The doctor thought that was such a good idea, Smith said, she helped him register Junior as a service animal so he could bring the dog with him everywhere he goes.

So Smith takes Junior, who wears a badge identifying him as a service animal, to the grocery store and to restaurants. Whenever he starts to feel anxious, he just reaches down and pets Junior, and that anxiety goes away.

"My wife, Tempie, always jokes that we have to take the dog everywhere," Smith said.

Smith and the Chihuahua/Jack Russell mix went to the Star Cafe in Clearfield to meet Smith's friend for breakfast Tuesday morning. Smith said he had been in the cafe several times before with his dog, but on Tuesday, it was different.

When Smith entered, the owner quickly approached him and told him he could not bring his dog inside the restaurant.

"I was upset, so I told him I'm allowed to have him with me under the Americans With Disabilities Act," Smith said. "He didn't care. He said, 'I want you and your dog to leave.' "

Smith said Junior was always on a leash and stayed under a table while in the restaurant.

The Americans With Disabilities Act classifies a service animal as "any animal individually trained to do work or perform tasks for the benefit of a person with a disability."

A disability, defined by the ADA, is "a mental or physical condition which substantially limits a major life activity such as caring for one's self, performing manual tasks, walking, seeing, hearing, speaking, breathing, learning and working."

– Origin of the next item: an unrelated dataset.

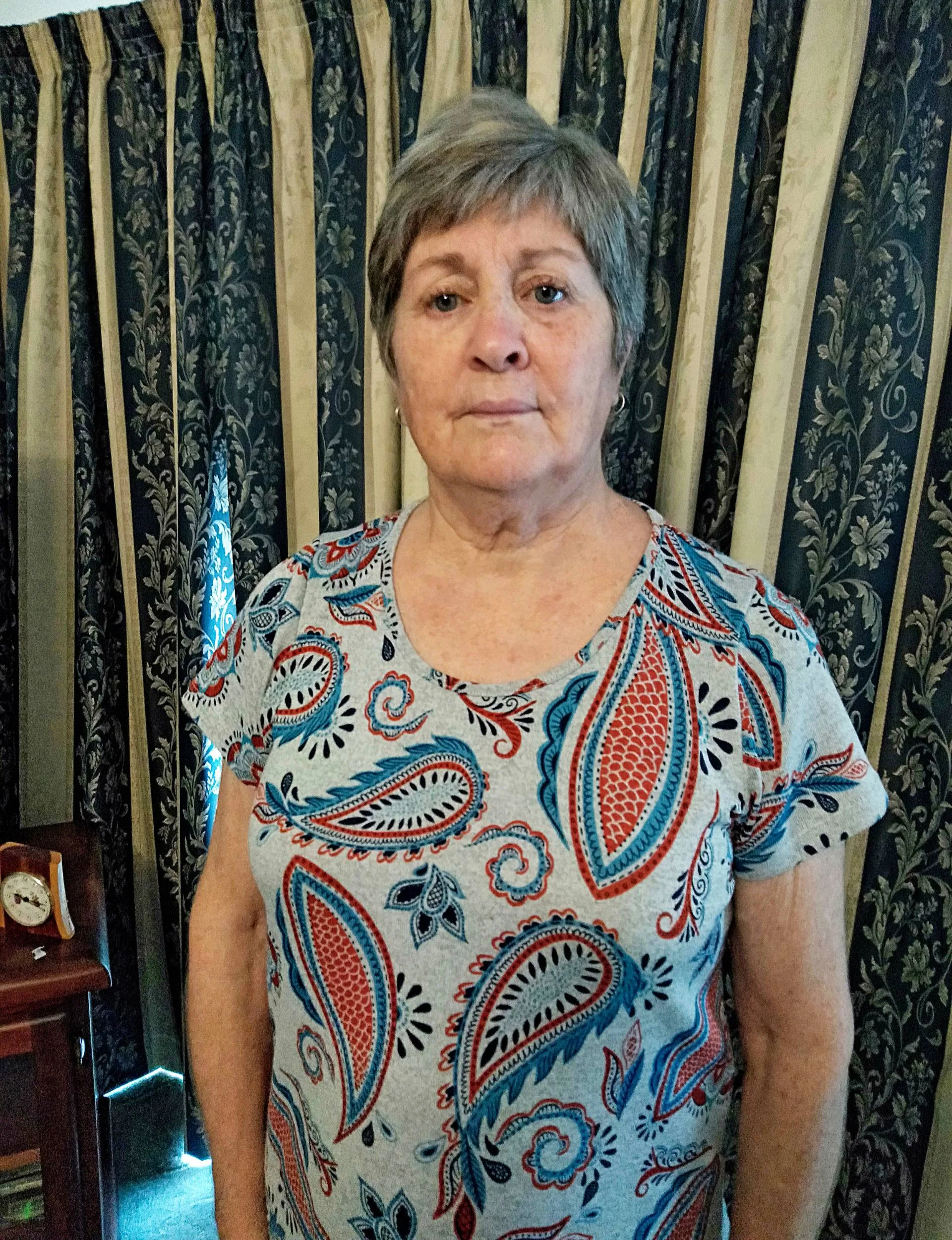 Catherine McDougall standing in her living room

Litung Liu, the owner of Star Cafe, said he did not know if he was breaking the law by asking Smith to leave with his dog. The cafe owner just said allowing a dog in his restaurant does not make sense, especially when the dog annoys other customers.

"The first time he comes in, the dog just runs around and goes anywhere, even when I tell (Smith) not to allow it," Liu said.

"We are a restaurant, and people are eating here. If the dog is quiet, it's OK. If the dog goes around and plays around with other people, that is not OK."

Not wanting to leave, Smith called the police. When the Clearfield officer arrived, the officer told Smith that he had to leave.

Clearfield Police Assistant Chief Mike Stenquist confirmed that, according to the officer's report, the officer asked Smith to leave at the request of the owner.

"We'll have to review on our end (to see) if that was appropriate," Stenquist said.

Smith said, in the future, he will have to go to the places that accept Junior.

"I can't go back to a place where I've been humiliated," Smith said. "It was a good place, but the owner humiliated me so much in front of my friend."